In the model below I added a generated quantities block that has two additional quantities. One is the posterior predictions, and one is the equivalent of expected value of the posterior predictions (e.g., like posterior_epred). I calculated the second with a user defined function.
model_stan2 <- '
functions {
real linear_predictor(real alpha, real beta, real x) {
real out;
out = alpha + beta*x;
return out;
}
}
data{
int <lower=1> N;
vector[N] height;
vector[N] weight;
}
parameters{
real alpha;
real beta;
real<lower=0> sigma;
}
transformed parameters{
vector[N] height_hat;
height_hat = alpha + beta * weight;
}
model{
vector[N] mu;
// Priors
alpha ~ normal(178, 20);
beta ~ lognormal(0,1);
sigma ~ exponential(1);
mu = alpha + beta*(weight);
// Likelihood
height ~ normal( mu, sigma);
}
generated quantities {
vector[N] y_pred_no_variance; // generated quantities for predicted values
vector[N] y_pred_w_variance;
for (i in 1:N) {
y_pred_no_variance[i] = linear_predictor(alpha, beta, x[i]);
y_pred_w_variance[i] = normal_rng(alpha + beta * x[i], sigma);
}
}
'
I then just followed similarly to this code, as cited above.
y_pred_solved <- rstan::extract(stan_samples2)$y_pred
residuals_y <- rstan::extract(stan_samples2)$y_pred_w_variance - rstan::extract(fit_out_tester)$y_pred
var_residuals <- apply(residuals_y, 1, var)
var_pred_out <- apply(y_pred_solved, 1, var)
hist(var_pred_out/(var_pred_out + var_residuals))
This was so helpful, it really helps with large models! Just one question what is the use of y_pred_w_variance_samples, sorry if it is a simple question but I’m new using Stan.
When we do posterior predictive inference, there are two forms of uncertainty that you see in the formula:
\displaystyle p(y^\text{new} \mid y^\text{obs}) = \int_{\mathbb{R}^N} p(y^\text{new} \mid \theta) \cdot p(\theta \mid y^\text{obs}) \, \textrm{d}\theta.
If we want to draw a new y^\text{new} we need to grab a parameter draw $\theta^{(n)} \sim p(\theta \mid y^\text{obs})$$, the sampling variation for which is our estimation uncertainty. Then given \theta^{(n)}, we take a draw from the sampling distribution y^\text{new} \sim p(y \mid \theta^{(n)}).

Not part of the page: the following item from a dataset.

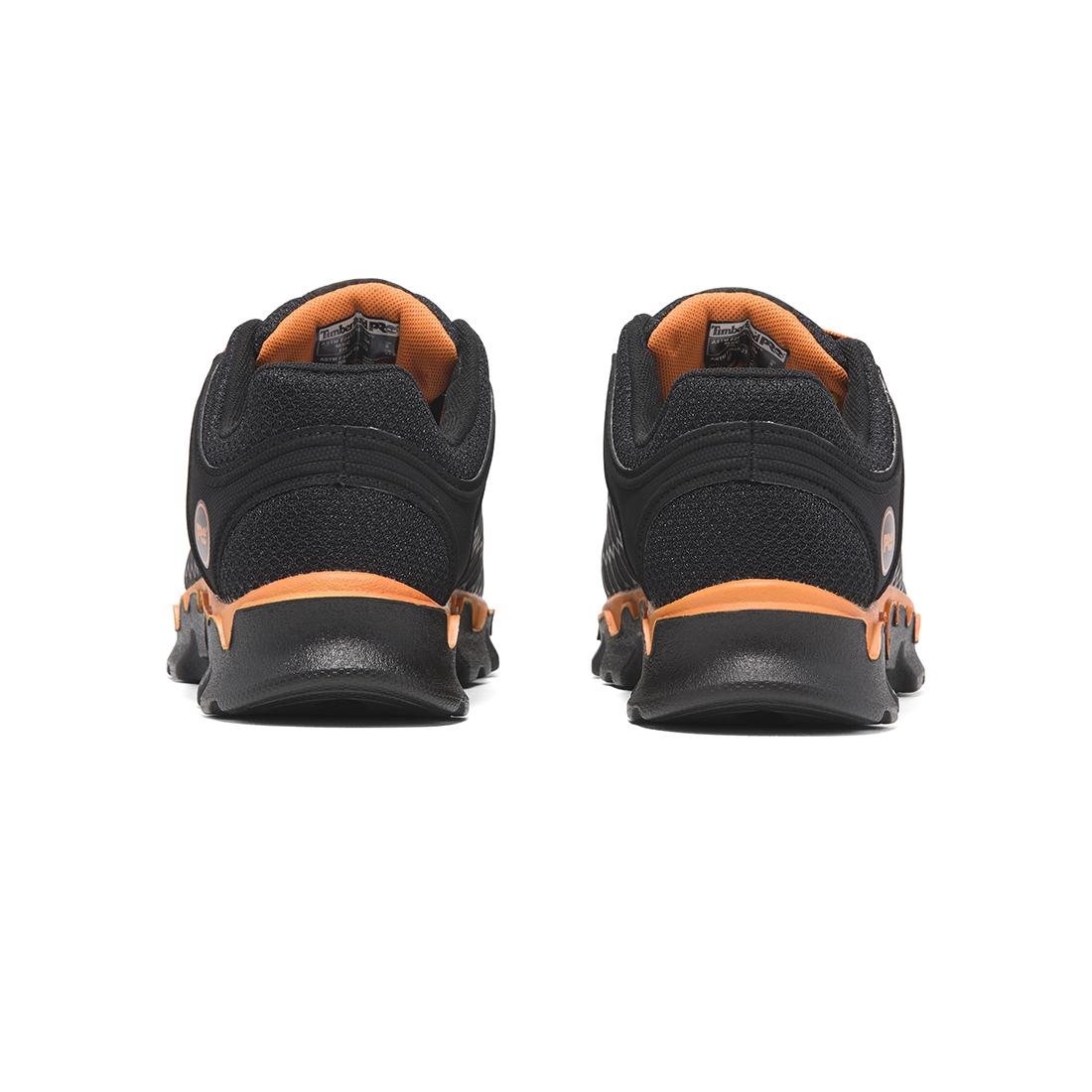 Powertrain Sport Alloy Toe Work Shoes for Men - Black & Orange Safety Shoes - Lightweight & Durable for Construction, Warehouse & Industrial Work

The first line y_pred_no_variance
gives you only the estimation uncertainty in the linear predictor. The second line, y_pred_w_variance
adds in the sampling variation. If you want to get the posterior for y^\text{new} in the posterior predictive distribution p(y^\text{new} \mid y^\text{obs}), then you need both kinds of uncertainty. This will give you the posterior mean and the correct posterior variance. In this particular case of a linear regression, we know that the posterior mean of y^\text{new} is the posterior mean of \alpha + \beta \cdot x^\text{new}, so we only need the first uncertainty if all we care about is the posterior mean.